(Records from a collection)
§

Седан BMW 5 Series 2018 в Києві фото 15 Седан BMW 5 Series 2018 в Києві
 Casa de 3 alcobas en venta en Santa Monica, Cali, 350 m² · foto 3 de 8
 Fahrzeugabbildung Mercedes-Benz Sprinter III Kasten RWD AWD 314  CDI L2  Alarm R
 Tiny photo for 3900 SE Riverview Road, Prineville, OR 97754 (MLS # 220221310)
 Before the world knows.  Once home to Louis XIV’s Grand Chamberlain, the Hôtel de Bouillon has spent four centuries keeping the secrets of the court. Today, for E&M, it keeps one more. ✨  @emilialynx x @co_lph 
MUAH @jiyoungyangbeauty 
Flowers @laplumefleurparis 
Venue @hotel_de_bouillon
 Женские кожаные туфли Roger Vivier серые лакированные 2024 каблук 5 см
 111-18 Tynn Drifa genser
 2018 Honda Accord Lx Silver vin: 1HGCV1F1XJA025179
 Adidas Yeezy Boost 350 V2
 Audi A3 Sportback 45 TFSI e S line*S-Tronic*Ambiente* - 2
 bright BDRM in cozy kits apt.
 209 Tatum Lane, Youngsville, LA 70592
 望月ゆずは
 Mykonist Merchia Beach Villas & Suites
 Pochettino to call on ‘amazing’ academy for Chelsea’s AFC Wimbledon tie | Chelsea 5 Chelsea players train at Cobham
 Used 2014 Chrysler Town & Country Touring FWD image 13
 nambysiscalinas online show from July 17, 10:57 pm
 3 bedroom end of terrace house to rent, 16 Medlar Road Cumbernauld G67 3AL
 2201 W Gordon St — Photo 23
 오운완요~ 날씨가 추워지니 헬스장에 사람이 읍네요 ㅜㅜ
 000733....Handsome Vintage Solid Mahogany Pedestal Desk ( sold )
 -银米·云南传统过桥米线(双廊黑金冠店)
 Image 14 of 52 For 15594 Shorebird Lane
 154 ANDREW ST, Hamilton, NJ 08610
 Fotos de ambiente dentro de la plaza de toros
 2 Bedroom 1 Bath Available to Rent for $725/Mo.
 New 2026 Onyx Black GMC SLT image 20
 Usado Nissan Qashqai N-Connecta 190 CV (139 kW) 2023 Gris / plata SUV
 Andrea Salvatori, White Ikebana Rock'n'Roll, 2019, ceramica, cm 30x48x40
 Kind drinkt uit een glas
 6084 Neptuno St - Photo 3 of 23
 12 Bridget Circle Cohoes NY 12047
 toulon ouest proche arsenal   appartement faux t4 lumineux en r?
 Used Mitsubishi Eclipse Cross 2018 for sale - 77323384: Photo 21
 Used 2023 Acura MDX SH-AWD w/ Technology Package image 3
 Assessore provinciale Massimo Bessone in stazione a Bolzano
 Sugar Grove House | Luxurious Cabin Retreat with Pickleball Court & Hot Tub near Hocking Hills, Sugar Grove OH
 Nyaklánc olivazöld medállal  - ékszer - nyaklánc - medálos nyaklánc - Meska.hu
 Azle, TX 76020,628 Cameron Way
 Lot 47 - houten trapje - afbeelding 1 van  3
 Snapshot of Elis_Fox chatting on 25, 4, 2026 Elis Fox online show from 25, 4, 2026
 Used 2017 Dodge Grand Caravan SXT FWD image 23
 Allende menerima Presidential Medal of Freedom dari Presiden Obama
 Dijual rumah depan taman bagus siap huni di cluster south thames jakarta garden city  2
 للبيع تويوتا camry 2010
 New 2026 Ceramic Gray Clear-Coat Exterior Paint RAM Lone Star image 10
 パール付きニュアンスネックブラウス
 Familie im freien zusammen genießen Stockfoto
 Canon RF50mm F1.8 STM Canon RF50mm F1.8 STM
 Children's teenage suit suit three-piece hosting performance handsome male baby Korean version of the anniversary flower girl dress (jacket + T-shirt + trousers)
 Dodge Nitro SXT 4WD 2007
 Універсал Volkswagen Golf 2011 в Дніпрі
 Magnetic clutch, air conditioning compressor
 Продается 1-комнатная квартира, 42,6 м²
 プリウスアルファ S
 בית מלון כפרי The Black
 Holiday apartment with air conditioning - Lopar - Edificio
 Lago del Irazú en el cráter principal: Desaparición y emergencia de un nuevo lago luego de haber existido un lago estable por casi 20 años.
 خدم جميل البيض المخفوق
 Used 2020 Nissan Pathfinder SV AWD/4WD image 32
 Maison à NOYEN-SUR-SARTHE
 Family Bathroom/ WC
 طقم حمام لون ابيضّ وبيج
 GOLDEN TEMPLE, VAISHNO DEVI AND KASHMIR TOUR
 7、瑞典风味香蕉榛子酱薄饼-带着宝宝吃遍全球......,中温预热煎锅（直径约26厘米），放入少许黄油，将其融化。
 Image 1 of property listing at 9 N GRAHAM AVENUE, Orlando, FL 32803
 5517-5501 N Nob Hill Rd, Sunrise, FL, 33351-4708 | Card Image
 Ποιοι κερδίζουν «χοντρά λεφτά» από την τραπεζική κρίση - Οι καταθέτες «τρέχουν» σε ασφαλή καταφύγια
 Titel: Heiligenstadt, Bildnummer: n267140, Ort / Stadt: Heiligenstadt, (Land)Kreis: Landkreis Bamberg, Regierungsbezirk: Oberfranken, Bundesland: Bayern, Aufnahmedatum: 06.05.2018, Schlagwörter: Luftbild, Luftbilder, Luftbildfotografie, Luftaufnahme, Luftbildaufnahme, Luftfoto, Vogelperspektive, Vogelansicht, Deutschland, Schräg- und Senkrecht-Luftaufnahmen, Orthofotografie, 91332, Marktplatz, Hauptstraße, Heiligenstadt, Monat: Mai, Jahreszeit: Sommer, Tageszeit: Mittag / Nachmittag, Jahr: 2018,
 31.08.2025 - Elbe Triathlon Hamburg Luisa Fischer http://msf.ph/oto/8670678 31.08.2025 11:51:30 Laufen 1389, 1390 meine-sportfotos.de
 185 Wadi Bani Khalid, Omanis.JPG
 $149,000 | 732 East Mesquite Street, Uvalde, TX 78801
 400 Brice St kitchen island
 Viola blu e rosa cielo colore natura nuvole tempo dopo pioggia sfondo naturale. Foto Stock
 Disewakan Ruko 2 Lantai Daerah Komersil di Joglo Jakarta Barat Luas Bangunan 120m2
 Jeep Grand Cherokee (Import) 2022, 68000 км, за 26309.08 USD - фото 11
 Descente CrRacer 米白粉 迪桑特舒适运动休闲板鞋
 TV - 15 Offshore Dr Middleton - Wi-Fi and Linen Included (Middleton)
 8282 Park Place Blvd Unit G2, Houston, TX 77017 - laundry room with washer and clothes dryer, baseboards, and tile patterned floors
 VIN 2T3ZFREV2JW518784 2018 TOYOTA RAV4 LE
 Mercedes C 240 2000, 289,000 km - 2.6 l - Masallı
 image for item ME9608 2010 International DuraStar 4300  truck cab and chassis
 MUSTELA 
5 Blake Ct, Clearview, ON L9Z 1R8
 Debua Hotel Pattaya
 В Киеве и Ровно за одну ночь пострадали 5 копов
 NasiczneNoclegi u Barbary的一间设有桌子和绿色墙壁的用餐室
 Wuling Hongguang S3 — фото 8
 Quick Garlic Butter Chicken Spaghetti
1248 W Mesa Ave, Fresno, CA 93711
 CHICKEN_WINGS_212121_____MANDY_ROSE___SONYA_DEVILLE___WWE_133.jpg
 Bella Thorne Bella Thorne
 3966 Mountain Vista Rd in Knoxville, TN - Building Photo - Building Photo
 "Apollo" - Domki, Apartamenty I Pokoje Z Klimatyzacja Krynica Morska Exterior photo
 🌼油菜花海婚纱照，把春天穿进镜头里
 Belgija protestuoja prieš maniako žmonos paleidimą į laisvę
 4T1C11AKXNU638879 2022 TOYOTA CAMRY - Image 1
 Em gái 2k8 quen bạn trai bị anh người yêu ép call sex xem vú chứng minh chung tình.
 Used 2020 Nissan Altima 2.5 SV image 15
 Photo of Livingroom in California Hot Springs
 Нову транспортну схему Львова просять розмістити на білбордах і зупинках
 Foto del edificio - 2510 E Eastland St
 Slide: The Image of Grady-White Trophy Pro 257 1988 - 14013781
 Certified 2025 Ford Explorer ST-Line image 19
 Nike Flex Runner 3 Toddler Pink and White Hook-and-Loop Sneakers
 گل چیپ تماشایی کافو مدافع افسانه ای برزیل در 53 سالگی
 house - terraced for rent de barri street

§

- **PROBLEM DESCRIPTION**:
Nothing but the lines from the one that contains "Нову транспортну схему" through the end of the data above should appear, each reproduced exactly.

- **RESPONSE FOR THIS EXERCISE**:
 Нову транспортну схему Львова просять розмістити на білбордах і зупинках
 Foto del edificio - 2510 E Eastland St
 Slide: The Image of Grady-White Trophy Pro 257 1988 - 14013781
 Certified 2025 Ford Explorer ST-Line image 19
 Nike Flex Runner 3 Toddler Pink and White Hook-and-Loop Sneakers
 گل چیپ تماشایی کافو مدافع افسانه ای برزیل در 53 سالگی
 house - terraced for rent de barri street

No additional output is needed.